WORK ORDER
None of the pictures should be copied, though every line of the listing must be printed exactly.

DATA EXTRACT
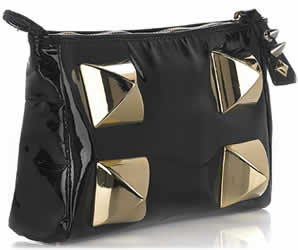 Mulberry for Giles Patent Leather Clutch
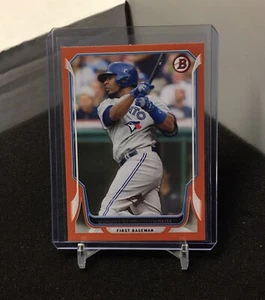 Edwin Encarnacion Orange 2014 Bowman card 53 Toronto Blue Jays 164/250 - Picture 1 of 2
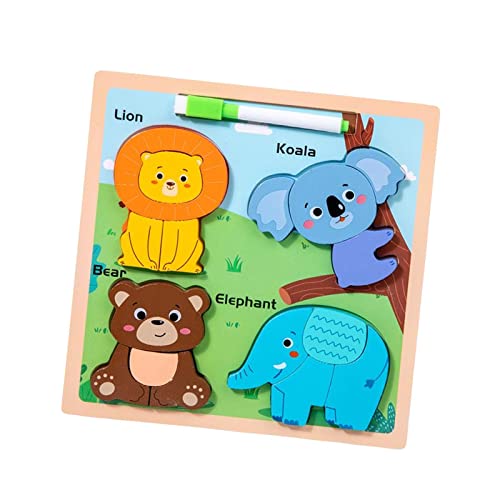 Fenteer Holzpuzzle Zeichenbrett Multifunktionale Lernaktivitäten Puzzlebrett Früherziehung für Jungen Mädchen Geburtstagsgeschenke Party Spielzeug, Fenteer Holzpuzzle Zeichenbrett Multifunktionale Lernaktivitäten Puzzlebrett Früherziehung für Jungen Mädchen Geburtstagsgeschenke Party Spielzeug, von Fenteer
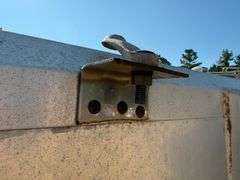 Diamond-Plate Aluminum Headache Rack #2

SOLUTION
 Mulberry for Giles Patent Leather Clutch
 Edwin Encarnacion Orange 2014 Bowman card 53 Toronto Blue Jays 164/250 - Picture 1 of 2
 Fenteer Holzpuzzle Zeichenbrett Multifunktionale Lernaktivitäten Puzzlebrett Früherziehung für Jungen Mädchen Geburtstagsgeschenke Party Spielzeug, Fenteer Holzpuzzle Zeichenbrett Multifunktionale Lernaktivitäten Puzzlebrett Früherziehung für Jungen Mädchen Geburtstagsgeschenke Party Spielzeug, von Fenteer
 Diamond-Plate Aluminum Headache Rack #2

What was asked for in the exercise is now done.